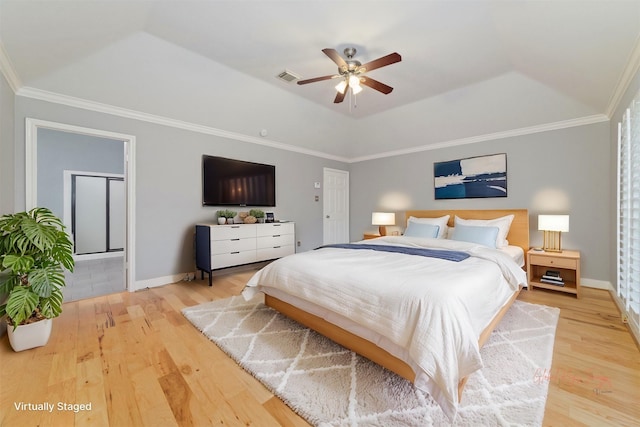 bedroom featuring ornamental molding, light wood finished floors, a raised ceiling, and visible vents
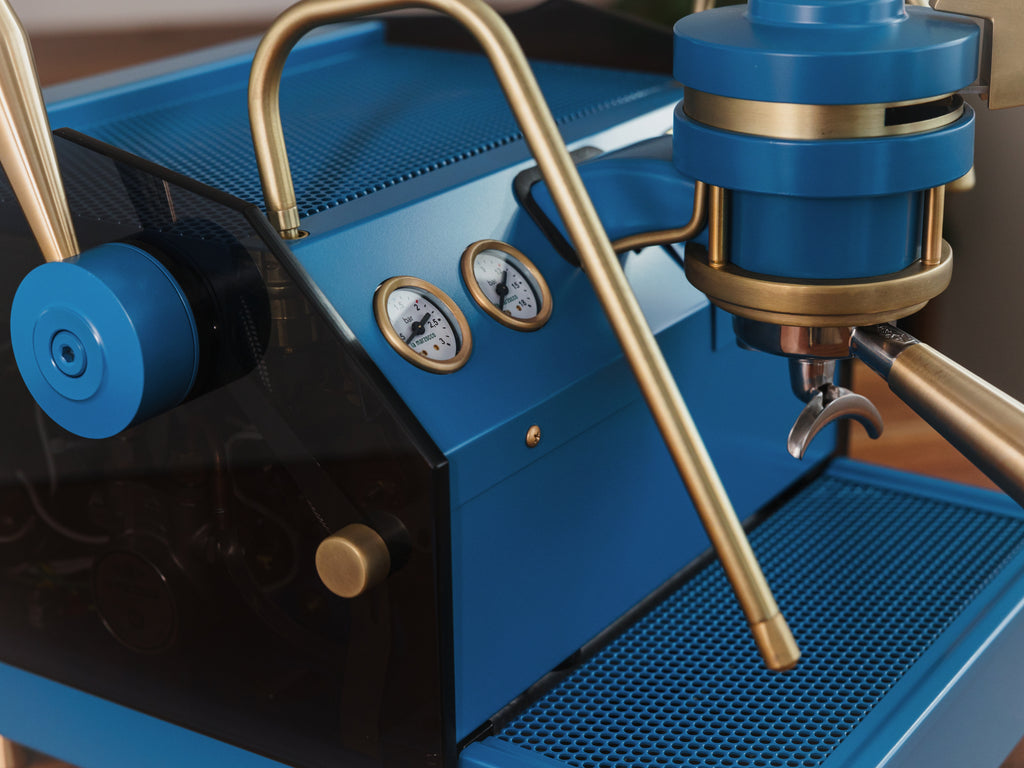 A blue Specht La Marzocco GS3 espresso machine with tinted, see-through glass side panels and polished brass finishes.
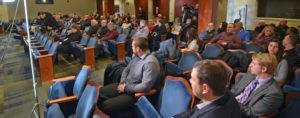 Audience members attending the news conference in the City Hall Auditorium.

- Problem to solve -
Leave the pictures out and set down the rest of the listing above exactly.

- Answer space -
 bedroom featuring ornamental molding, light wood finished floors, a raised ceiling, and visible vents
 A blue Specht La Marzocco GS3 espresso machine with tinted, see-through glass side panels and polished brass finishes.
 Audience members attending the news conference in the City Hall Auditorium.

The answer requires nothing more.